(What the task asks) Copy out the listing that follows, exact in every word, and skip the images.

(Given information)

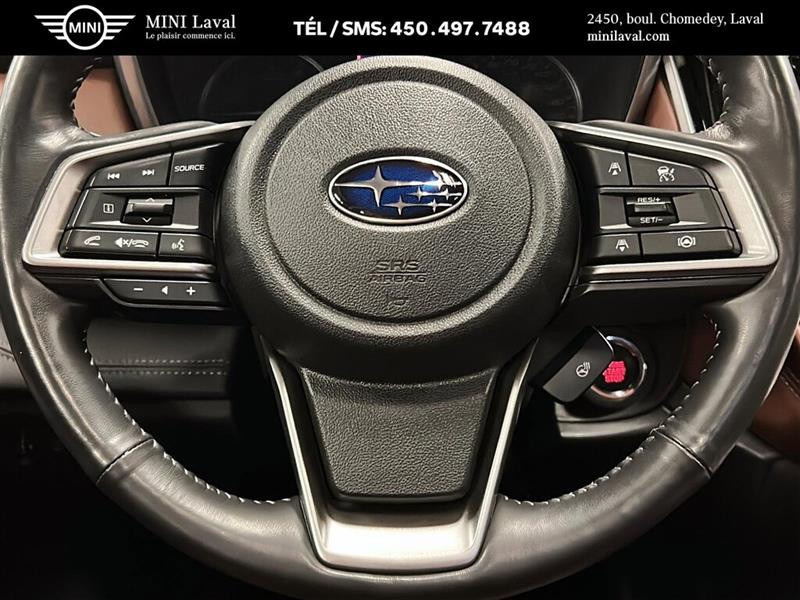 subaru Outback 2023 - 28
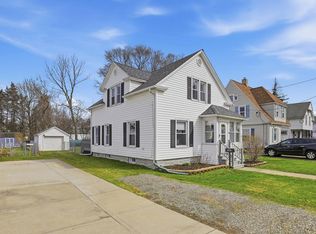 49 Barker Pl, Waverly, NY 14892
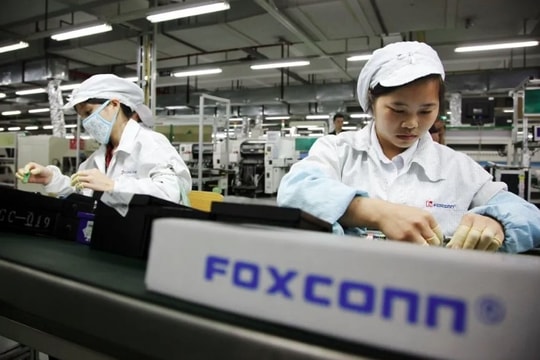 “Made in Vietnam” Macbook and iPad to be manufactured locally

(Response area)
 subaru Outback 2023 - 28
 49 Barker Pl, Waverly, NY 14892
 “Made in Vietnam” Macbook and iPad to be manufactured locally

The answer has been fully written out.